Following code cell is for testing

In [None]:
x_test = [['lorem', 'ipsum', 'dolor', 'sit', 'amet'], ['Hello', 'world', '!!!']]
y_pred = [['1', '0', '0', '1', '2'],['2', '1', '0']]
y_true = [['0', '0', '0', '1', '2'],['0', '1', '0']]

compute_token_precision(x_test, y_pred, y_true)

0.75

In [None]:
find_common_errors([test_loader[idx][0] for idx in range(len(test_loader))], predictions, [test_loader[idx][1] for idx in range(len(test_loader))])['Esteva']
compute_token_precision([test_loader[idx][0] for idx in range(len(test_loader))], predictions, [test_loader[idx][1] for idx in range(len(test_loader))])

0.9308014161570647

Analyze the results for the common errors.

## Conclusions

Here, write a brief conclusion for this notebook reffering to the main differences, advantages and disadvantages for each approach.




> Your conclusions here

After analyzing the given code, we can draw the following conclusions:

The task at hand is Named Entity Recognition (NER) and sequence labeling in historical handwritten documents.
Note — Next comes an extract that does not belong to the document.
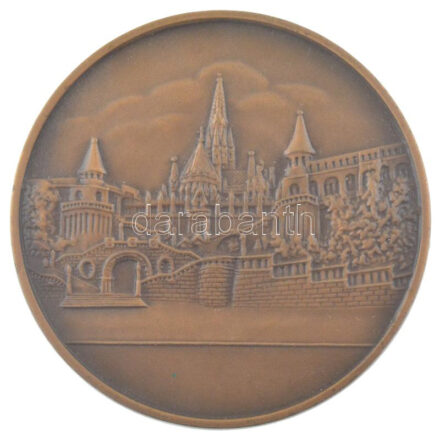DN 'Halászbástya' egyoldalas bronz plakett (54mm) T:1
The goal is to extract information from these documents and categorize the entities into semantic categories such as family names, places, occupations, etc.

The code uses a simple baseline approach to predict the named entity categories, which involves computing the most likely category for each word based on the training data.

The baseline approach does not take context into consideration and is limited in its expressiveness. It also faces challenges in handling out-of-vocabulary (OOV) words. The current solution for OOV words is to assign them the most frequent label, which may not be the best approach in all cases.

The confusion matrix and common errors are computed to analyze the model's performance. The most problematic words are identified and analyzed for any common patterns or characteristics.

Based on these conclusions, the baseline approach can be improved upon by incorporating context-aware methods or other techniques for handling OOV words. These improvements could potentially lead to better performance and more accurate predictions for the NER task in historical handwritten documents.